Collected data:
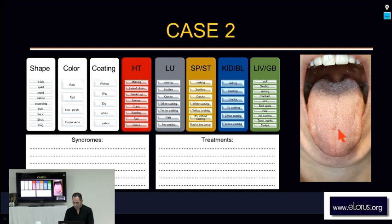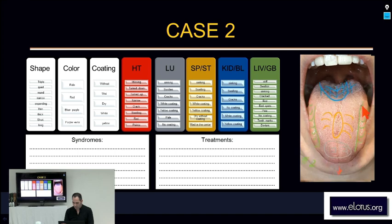Heart, lung, spleen, stomach, kidney, and liver, gallbladder.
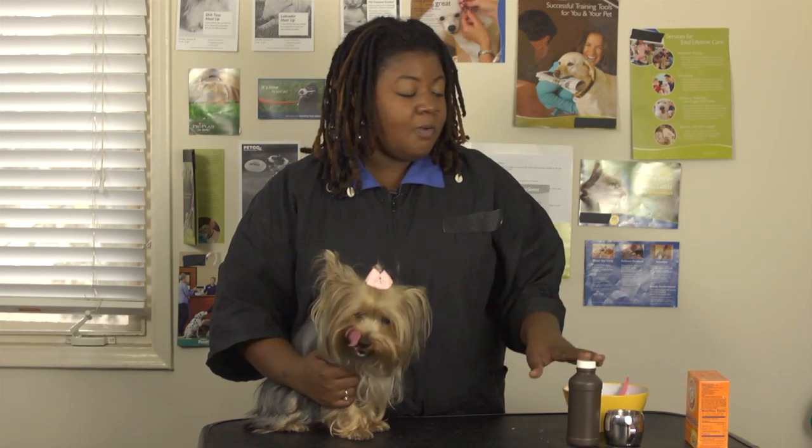That's how you brush your dog's teeth with peroxide and baking soda. My name is Kelly Jackson with Groomer Swagger — thanks for watching.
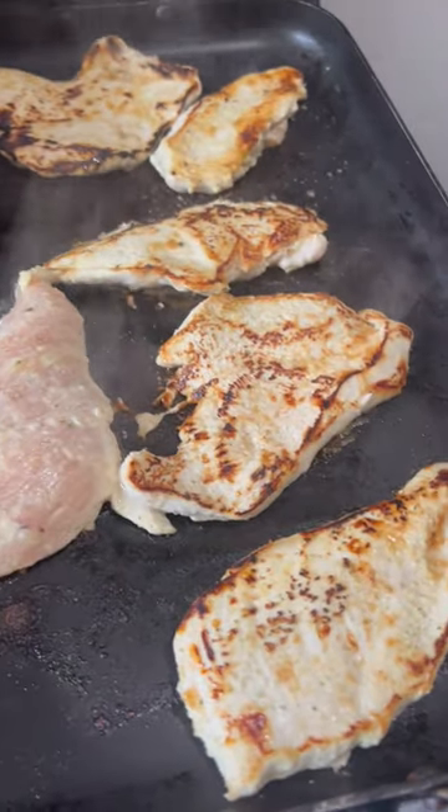Cleaning with the chlorox wipe. Alright I'll see you guys at the grill when I make the chicken.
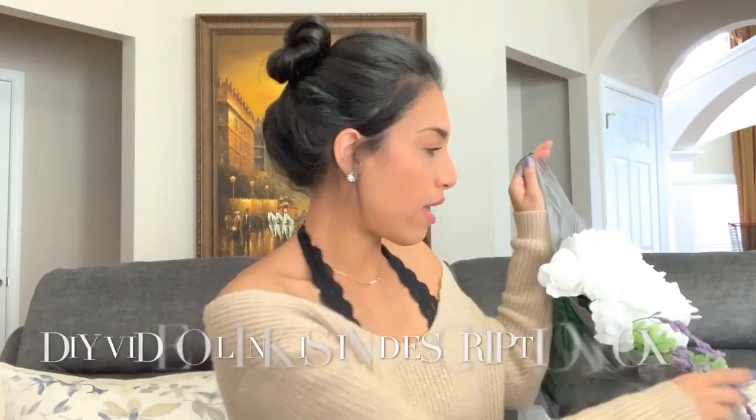Hey guys, welcome back to my channel — or welcome if you are new! My name is Jillian, and today's video is going to be another Dollar Tree haul. I just recently did one, but I ended up going back because I needed a few more things. So let's just jump right into my Dollar Tree haul and I'll show you guys everything I purchased this time around.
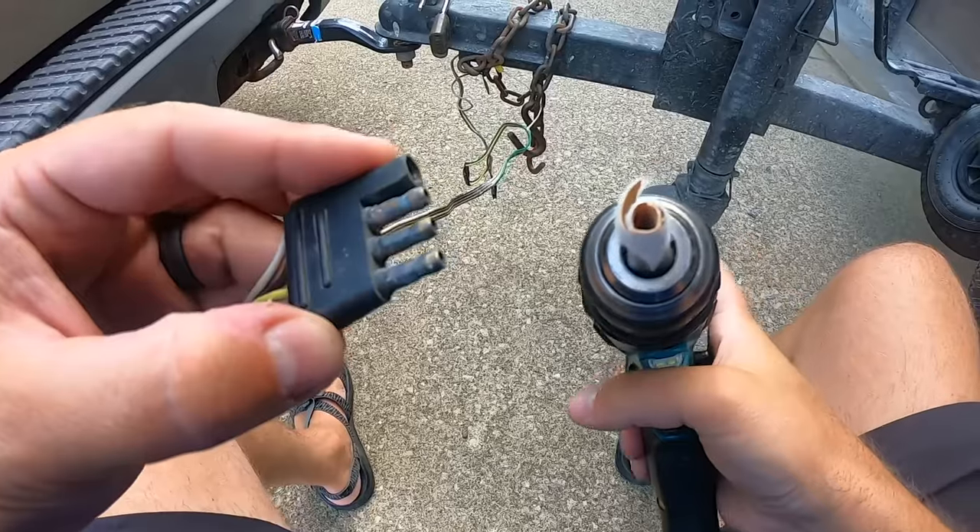If you did that correctly, you'll notice whenever you're sandpapering inside of that hole a lot of powder is going to come out — that is the corrosion. You're good to go. Now take the other piece you folded the other way and clean the male end of the connectors.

Exercise aim - Pictures are to be dropped; the lines from the start of the entries above through the line with "Cleaning with the" are to be given again verbatim.

Problem solution -
Heart, lung, spleen, stomach, kidney, and liver, gallbladder.
That's how you brush your dog's teeth with peroxide and baking soda. My name is Kelly Jackson with Groomer Swagger — thanks for watching.
Cleaning with the chlorox wipe. Alright I'll see you guys at the grill when I make the chicken.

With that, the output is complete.